No additional codec support like AAC and aptX, just standard SBC codecs. However, in this price range, it is easy to forgive. What’s not easy to forgive and forget is the lack of voice assistant support, so you can’t control Google Assistant or Siri with onboard controls on this device, which is frustrating. In addition, the earphones come with micro-USB charging, while most have moved to USB Type-C.

One thing we were impressed with, however, was the battery life. For a pair of budget wireless earphones, the HIFIMAN BW200 has surprisingly decent battery life. Rated 12 hours of play time, we tested our own numbers to confirm these numbers and found that the buds lasted at least 11 hours from full charge.


HIFIMAN is a company well known for its audio skills, but the BW200 does not match the company’s other offers. The sound profile is quite dark, meaning the bass is very boosted and the height is given a little less importance. It creates a broody and dark sound tone that does not sound good with many genres of music.

Uncompensated Frequency Response Graph – HIFIMAN BW200 (blue) vs. reference IEM (orange)

For example, in the track Hysteria By Muse, The drums are very irresistible and they heavily cover the clarity and detail in the middle and height. The main guitar and claps of this track are heavily veiled which makes the song flat on the face. Even on base-focused tracks, the earphones create a somewhat boomerang base that takes you away from the whole experience.

The mids of these earphones actually sound quite elaborate and rich, but the heavy hearing from the shallow regions of the frequency chart affects the quality of the masking mids. All in all, there are other earphones in this price range that work better to balance the frequencies. For example, the Redmi SonicBass comes with a bus bias, but the bus does not overwhelm the medium and height to such an extent that they lose all their details.

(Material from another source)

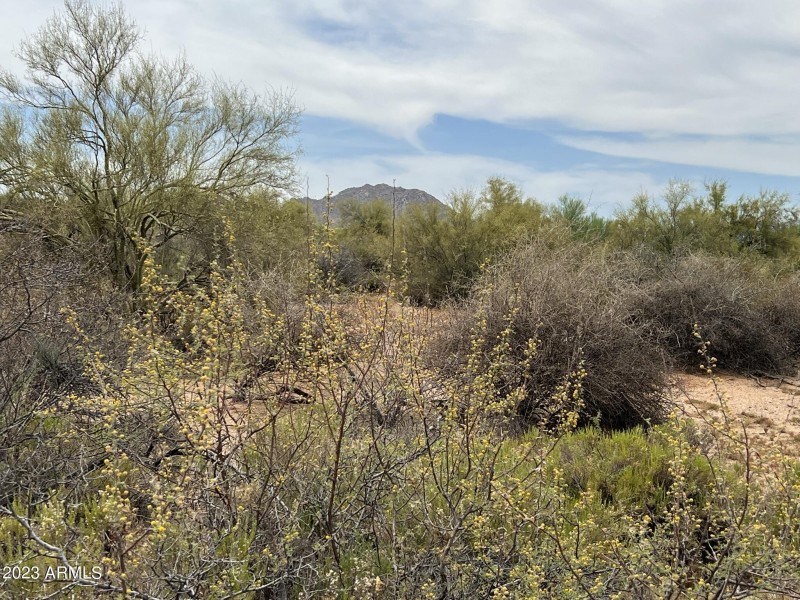 Lush Desert Vegetation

Priced at Rs 1,999 but available at Rs 1,490 on other e-commerce platforms, the HIFIMAN BW200 is a relatively well-made headphone that lacks the finesse of sound quality. The sound profile is quite dark and the bass response impresses the details and subtlety of the middle and height. Earphones also lack voice assistant support and are powered by the latest Bluetooth v4.1, making it a bit difficult for us to recommend these buds to users.